WHAT THE EXERCISE ASKS:
Output the records again verbatim.

DATA RECORDS:
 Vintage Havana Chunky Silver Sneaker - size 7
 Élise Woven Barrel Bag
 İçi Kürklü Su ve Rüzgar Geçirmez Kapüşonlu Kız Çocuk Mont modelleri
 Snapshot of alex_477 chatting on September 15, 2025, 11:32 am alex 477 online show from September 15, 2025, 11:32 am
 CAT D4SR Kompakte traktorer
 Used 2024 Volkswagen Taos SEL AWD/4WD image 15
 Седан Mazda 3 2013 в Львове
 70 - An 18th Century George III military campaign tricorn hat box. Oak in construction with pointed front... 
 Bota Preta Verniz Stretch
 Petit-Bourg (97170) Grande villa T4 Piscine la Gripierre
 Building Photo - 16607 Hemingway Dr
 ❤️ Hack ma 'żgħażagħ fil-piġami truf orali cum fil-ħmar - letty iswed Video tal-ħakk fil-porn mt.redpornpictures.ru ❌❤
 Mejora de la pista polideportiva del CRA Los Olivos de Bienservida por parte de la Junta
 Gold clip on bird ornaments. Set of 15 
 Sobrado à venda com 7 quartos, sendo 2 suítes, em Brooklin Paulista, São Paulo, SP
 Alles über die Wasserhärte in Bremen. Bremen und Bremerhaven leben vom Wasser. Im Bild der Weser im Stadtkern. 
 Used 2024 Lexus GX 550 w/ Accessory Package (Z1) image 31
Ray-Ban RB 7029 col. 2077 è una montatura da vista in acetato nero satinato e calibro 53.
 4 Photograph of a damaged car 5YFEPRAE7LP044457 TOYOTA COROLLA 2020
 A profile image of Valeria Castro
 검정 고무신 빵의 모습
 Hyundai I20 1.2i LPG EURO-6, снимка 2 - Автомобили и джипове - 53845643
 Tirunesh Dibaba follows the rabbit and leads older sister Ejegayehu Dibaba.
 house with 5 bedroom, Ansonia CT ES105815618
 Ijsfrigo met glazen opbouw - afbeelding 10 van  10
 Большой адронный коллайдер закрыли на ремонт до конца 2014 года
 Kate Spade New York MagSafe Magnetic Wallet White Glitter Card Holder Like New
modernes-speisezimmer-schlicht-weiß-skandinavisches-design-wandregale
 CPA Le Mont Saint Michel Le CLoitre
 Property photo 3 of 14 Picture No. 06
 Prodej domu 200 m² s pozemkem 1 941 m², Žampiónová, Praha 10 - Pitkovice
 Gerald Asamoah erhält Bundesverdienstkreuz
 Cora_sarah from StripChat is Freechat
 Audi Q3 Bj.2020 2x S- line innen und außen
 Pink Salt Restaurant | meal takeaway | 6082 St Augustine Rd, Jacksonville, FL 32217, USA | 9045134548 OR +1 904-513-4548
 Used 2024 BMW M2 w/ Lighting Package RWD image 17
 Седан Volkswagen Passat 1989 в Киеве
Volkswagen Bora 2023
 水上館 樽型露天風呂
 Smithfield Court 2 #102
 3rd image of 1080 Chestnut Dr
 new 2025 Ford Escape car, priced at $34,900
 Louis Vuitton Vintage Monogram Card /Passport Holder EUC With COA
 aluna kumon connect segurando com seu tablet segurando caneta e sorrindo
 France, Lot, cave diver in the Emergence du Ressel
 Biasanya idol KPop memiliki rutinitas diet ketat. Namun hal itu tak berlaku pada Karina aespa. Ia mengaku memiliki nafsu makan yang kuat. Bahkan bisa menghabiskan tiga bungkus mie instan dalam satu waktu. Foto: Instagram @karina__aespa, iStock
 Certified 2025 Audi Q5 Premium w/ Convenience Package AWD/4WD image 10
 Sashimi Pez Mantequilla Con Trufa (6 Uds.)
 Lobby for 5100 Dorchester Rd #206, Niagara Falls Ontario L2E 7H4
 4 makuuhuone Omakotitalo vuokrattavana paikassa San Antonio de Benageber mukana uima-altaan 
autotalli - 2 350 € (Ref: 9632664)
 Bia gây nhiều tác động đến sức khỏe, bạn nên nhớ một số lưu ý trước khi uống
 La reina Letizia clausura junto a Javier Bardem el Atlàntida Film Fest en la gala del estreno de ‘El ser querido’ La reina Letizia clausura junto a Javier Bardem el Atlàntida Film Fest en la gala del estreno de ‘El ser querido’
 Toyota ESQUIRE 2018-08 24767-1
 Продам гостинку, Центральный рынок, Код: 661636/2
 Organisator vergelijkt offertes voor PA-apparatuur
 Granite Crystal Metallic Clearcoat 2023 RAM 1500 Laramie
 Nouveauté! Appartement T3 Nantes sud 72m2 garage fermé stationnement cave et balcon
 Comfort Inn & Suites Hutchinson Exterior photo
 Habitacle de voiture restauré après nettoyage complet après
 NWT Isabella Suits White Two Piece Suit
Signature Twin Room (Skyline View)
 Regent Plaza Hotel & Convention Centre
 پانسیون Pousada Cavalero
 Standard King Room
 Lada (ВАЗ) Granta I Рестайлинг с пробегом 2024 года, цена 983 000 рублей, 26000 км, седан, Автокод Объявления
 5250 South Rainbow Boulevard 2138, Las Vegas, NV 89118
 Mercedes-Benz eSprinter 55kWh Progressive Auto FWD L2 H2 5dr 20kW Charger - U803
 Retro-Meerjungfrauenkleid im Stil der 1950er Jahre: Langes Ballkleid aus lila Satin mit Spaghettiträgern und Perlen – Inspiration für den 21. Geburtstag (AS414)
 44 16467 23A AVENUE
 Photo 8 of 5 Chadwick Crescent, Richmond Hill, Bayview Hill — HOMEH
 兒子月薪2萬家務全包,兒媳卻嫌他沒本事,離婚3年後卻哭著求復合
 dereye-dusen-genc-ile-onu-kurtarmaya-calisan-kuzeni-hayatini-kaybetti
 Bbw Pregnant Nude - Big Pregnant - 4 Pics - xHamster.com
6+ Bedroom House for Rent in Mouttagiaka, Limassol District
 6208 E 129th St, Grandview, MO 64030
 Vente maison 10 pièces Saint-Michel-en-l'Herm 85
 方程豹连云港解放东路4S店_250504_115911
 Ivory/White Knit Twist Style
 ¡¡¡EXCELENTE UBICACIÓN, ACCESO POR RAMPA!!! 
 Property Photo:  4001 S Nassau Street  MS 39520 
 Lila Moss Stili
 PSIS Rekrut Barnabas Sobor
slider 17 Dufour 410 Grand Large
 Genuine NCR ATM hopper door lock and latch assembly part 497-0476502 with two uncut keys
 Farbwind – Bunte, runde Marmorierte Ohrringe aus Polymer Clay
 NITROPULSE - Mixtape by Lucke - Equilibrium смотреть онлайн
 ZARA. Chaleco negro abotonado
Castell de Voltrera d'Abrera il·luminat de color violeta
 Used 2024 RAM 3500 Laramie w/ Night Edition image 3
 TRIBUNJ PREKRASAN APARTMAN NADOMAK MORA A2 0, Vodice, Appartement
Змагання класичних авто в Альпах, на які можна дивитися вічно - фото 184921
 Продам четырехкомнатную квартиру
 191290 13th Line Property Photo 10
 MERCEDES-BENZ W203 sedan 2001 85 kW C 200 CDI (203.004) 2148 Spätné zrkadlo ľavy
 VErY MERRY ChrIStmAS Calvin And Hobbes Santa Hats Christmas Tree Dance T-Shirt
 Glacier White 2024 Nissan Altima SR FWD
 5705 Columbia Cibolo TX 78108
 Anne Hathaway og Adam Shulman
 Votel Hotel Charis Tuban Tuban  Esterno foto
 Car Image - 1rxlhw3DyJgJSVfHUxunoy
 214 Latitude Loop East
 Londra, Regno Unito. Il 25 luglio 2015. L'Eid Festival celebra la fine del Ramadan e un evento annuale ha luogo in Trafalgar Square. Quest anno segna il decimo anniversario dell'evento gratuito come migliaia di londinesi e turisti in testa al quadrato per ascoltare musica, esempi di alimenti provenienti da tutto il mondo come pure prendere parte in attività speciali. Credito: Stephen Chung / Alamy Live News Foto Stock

TASK RESPONSE:
 Vintage Havana Chunky Silver Sneaker - size 7
 Élise Woven Barrel Bag
 İçi Kürklü Su ve Rüzgar Geçirmez Kapüşonlu Kız Çocuk Mont modelleri
 Snapshot of alex_477 chatting on September 15, 2025, 11:32 am alex 477 online show from September 15, 2025, 11:32 am
 CAT D4SR Kompakte traktorer
 Used 2024 Volkswagen Taos SEL AWD/4WD image 15
 Седан Mazda 3 2013 в Львове
 70 - An 18th Century George III military campaign tricorn hat box. Oak in construction with pointed front... 
 Bota Preta Verniz Stretch
 Petit-Bourg (97170) Grande villa T4 Piscine la Gripierre
 Building Photo - 16607 Hemingway Dr
 ❤️ Hack ma 'żgħażagħ fil-piġami truf orali cum fil-ħmar - letty iswed Video tal-ħakk fil-porn mt.redpornpictures.ru ❌❤
 Mejora de la pista polideportiva del CRA Los Olivos de Bienservida por parte de la Junta
 Gold clip on bird ornaments. Set of 15 
 Sobrado à venda com 7 quartos, sendo 2 suítes, em Brooklin Paulista, São Paulo, SP
 Alles über die Wasserhärte in Bremen. Bremen und Bremerhaven leben vom Wasser. Im Bild der Weser im Stadtkern. 
 Used 2024 Lexus GX 550 w/ Accessory Package (Z1) image 31
Ray-Ban RB 7029 col. 2077 è una montatura da vista in acetato nero satinato e calibro 53.
 4 Photograph of a damaged car 5YFEPRAE7LP044457 TOYOTA COROLLA 2020
 A profile image of Valeria Castro
 검정 고무신 빵의 모습
 Hyundai I20 1.2i LPG EURO-6, снимка 2 - Автомобили и джипове - 53845643
 Tirunesh Dibaba follows the rabbit and leads older sister Ejegayehu Dibaba.
 house with 5 bedroom, Ansonia CT ES105815618
 Ijsfrigo met glazen opbouw - afbeelding 10 van  10
 Большой адронный коллайдер закрыли на ремонт до конца 2014 года
 Kate Spade New York MagSafe Magnetic Wallet White Glitter Card Holder Like New
modernes-speisezimmer-schlicht-weiß-skandinavisches-design-wandregale
 CPA Le Mont Saint Michel Le CLoitre
 Property photo 3 of 14 Picture No. 06
 Prodej domu 200 m² s pozemkem 1 941 m², Žampiónová, Praha 10 - Pitkovice
 Gerald Asamoah erhält Bundesverdienstkreuz
 Cora_sarah from StripChat is Freechat
 Audi Q3 Bj.2020 2x S- line innen und außen
 Pink Salt Restaurant | meal takeaway | 6082 St Augustine Rd, Jacksonville, FL 32217, USA | 9045134548 OR +1 904-513-4548
 Used 2024 BMW M2 w/ Lighting Package RWD image 17
 Седан Volkswagen Passat 1989 в Киеве
Volkswagen Bora 2023
 水上館 樽型露天風呂
 Smithfield Court 2 #102
 3rd image of 1080 Chestnut Dr
 new 2025 Ford Escape car, priced at $34,900
 Louis Vuitton Vintage Monogram Card /Passport Holder EUC With COA
 aluna kumon connect segurando com seu tablet segurando caneta e sorrindo
 France, Lot, cave diver in the Emergence du Ressel
 Biasanya idol KPop memiliki rutinitas diet ketat. Namun hal itu tak berlaku pada Karina aespa. Ia mengaku memiliki nafsu makan yang kuat. Bahkan bisa menghabiskan tiga bungkus mie instan dalam satu waktu. Foto: Instagram @karina__aespa, iStock
 Certified 2025 Audi Q5 Premium w/ Convenience Package AWD/4WD image 10
 Sashimi Pez Mantequilla Con Trufa (6 Uds.)
 Lobby for 5100 Dorchester Rd #206, Niagara Falls Ontario L2E 7H4
 4 makuuhuone Omakotitalo vuokrattavana paikassa San Antonio de Benageber mukana uima-altaan 
autotalli - 2 350 € (Ref: 9632664)
 Bia gây nhiều tác động đến sức khỏe, bạn nên nhớ một số lưu ý trước khi uống
 La reina Letizia clausura junto a Javier Bardem el Atlàntida Film Fest en la gala del estreno de ‘El ser querido’ La reina Letizia clausura junto a Javier Bardem el Atlàntida Film Fest en la gala del estreno de ‘El ser querido’
 Toyota ESQUIRE 2018-08 24767-1
 Продам гостинку, Центральный рынок, Код: 661636/2
 Organisator vergelijkt offertes voor PA-apparatuur
 Granite Crystal Metallic Clearcoat 2023 RAM 1500 Laramie
 Nouveauté! Appartement T3 Nantes sud 72m2 garage fermé stationnement cave et balcon
 Comfort Inn & Suites Hutchinson Exterior photo
 Habitacle de voiture restauré après nettoyage complet après
 NWT Isabella Suits White Two Piece Suit
Signature Twin Room (Skyline View)
 Regent Plaza Hotel & Convention Centre
 پانسیون Pousada Cavalero
 Standard King Room
 Lada (ВАЗ) Granta I Рестайлинг с пробегом 2024 года, цена 983 000 рублей, 26000 км, седан, Автокод Объявления
 5250 South Rainbow Boulevard 2138, Las Vegas, NV 89118
 Mercedes-Benz eSprinter 55kWh Progressive Auto FWD L2 H2 5dr 20kW Charger - U803
 Retro-Meerjungfrauenkleid im Stil der 1950er Jahre: Langes Ballkleid aus lila Satin mit Spaghettiträgern und Perlen – Inspiration für den 21. Geburtstag (AS414)
 44 16467 23A AVENUE
 Photo 8 of 5 Chadwick Crescent, Richmond Hill, Bayview Hill — HOMEH
 兒子月薪2萬家務全包,兒媳卻嫌他沒本事,離婚3年後卻哭著求復合
 dereye-dusen-genc-ile-onu-kurtarmaya-calisan-kuzeni-hayatini-kaybetti
 Bbw Pregnant Nude - Big Pregnant - 4 Pics - xHamster.com
6+ Bedroom House for Rent in Mouttagiaka, Limassol District
 6208 E 129th St, Grandview, MO 64030
 Vente maison 10 pièces Saint-Michel-en-l'Herm 85
 方程豹连云港解放东路4S店_250504_115911
 Ivory/White Knit Twist Style
 ¡¡¡EXCELENTE UBICACIÓN, ACCESO POR RAMPA!!! 
 Property Photo:  4001 S Nassau Street  MS 39520 
 Lila Moss Stili
 PSIS Rekrut Barnabas Sobor
slider 17 Dufour 410 Grand Large
 Genuine NCR ATM hopper door lock and latch assembly part 497-0476502 with two uncut keys
 Farbwind – Bunte, runde Marmorierte Ohrringe aus Polymer Clay
 NITROPULSE - Mixtape by Lucke - Equilibrium смотреть онлайн
 ZARA. Chaleco negro abotonado
Castell de Voltrera d'Abrera il·luminat de color violeta
 Used 2024 RAM 3500 Laramie w/ Night Edition image 3
 TRIBUNJ PREKRASAN APARTMAN NADOMAK MORA A2 0, Vodice, Appartement
Змагання класичних авто в Альпах, на які можна дивитися вічно - фото 184921
 Продам четырехкомнатную квартиру
 191290 13th Line Property Photo 10
 MERCEDES-BENZ W203 sedan 2001 85 kW C 200 CDI (203.004) 2148 Spätné zrkadlo ľavy
 VErY MERRY ChrIStmAS Calvin And Hobbes Santa Hats Christmas Tree Dance T-Shirt
 Glacier White 2024 Nissan Altima SR FWD
 5705 Columbia Cibolo TX 78108
 Anne Hathaway og Adam Shulman
 Votel Hotel Charis Tuban Tuban  Esterno foto
 Car Image - 1rxlhw3DyJgJSVfHUxunoy
 214 Latitude Loop East
 Londra, Regno Unito. Il 25 luglio 2015. L'Eid Festival celebra la fine del Ramadan e un evento annuale ha luogo in Trafalgar Square. Quest anno segna il decimo anniversario dell'evento gratuito come migliaia di londinesi e turisti in testa al quadrato per ascoltare musica, esempi di alimenti provenienti da tutto il mondo come pure prendere parte in attività speciali. Credito: Stephen Chung / Alamy Live News Foto Stock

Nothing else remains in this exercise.